[Supplied information Boundary: Start]

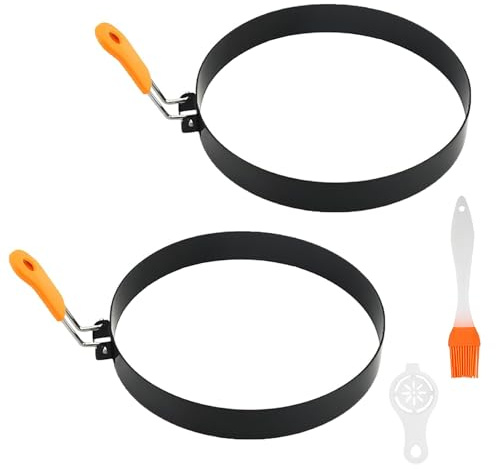 Paquete de 2 anillos de huevo grandes, anillos de huevo de acero inoxidable de 8 pulgadas para freír con mango plegable antiquemaduras, molde antiadherente para panqueques con cepillo de silicona y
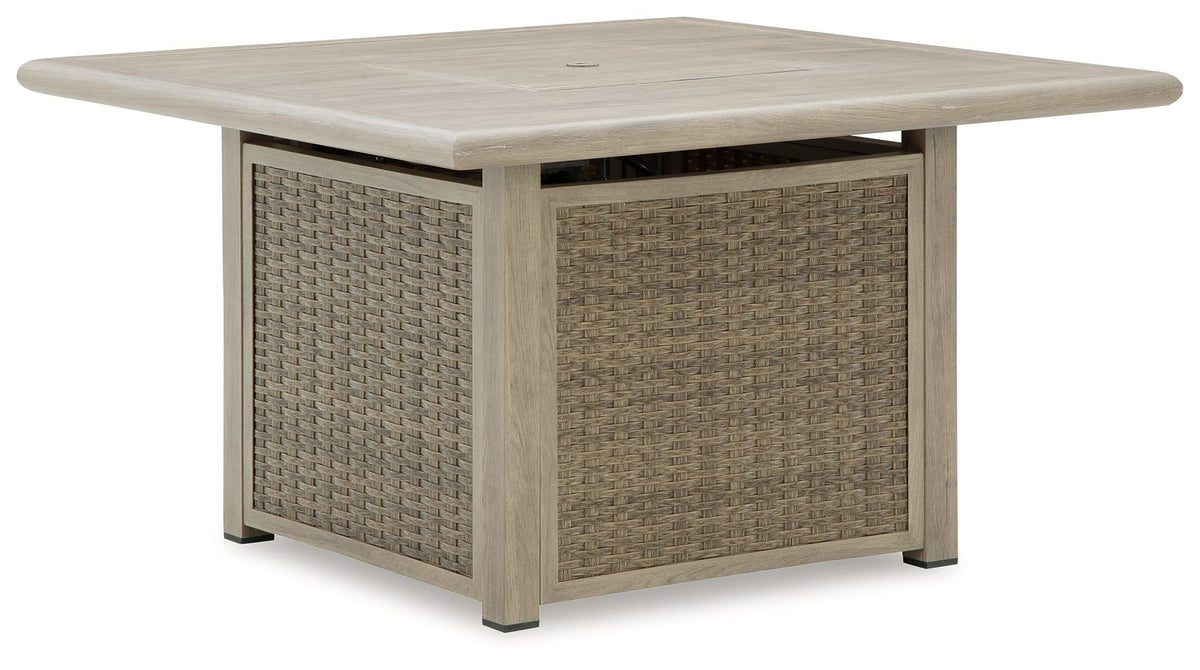 Cliff Trails - Beige - Square Fire Pit Table by Signature Design by Ashley® | Bel Furniture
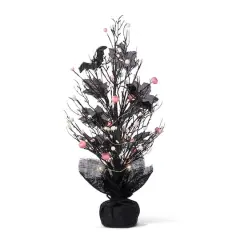 Glitzhome&reg; 20"H Lighted Black and Pink Halloween Berries Table Tree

[Supplied information Boundary: End]

■ Problem requirements
Output all of the data above exactly; no pictures should appear.

■ Written solution
 Paquete de 2 anillos de huevo grandes, anillos de huevo de acero inoxidable de 8 pulgadas para freír con mango plegable antiquemaduras, molde antiadherente para panqueques con cepillo de silicona y
 Cliff Trails - Beige - Square Fire Pit Table by Signature Design by Ashley® | Bel Furniture
 Glitzhome&reg; 20"H Lighted Black and Pink Halloween Berries Table Tree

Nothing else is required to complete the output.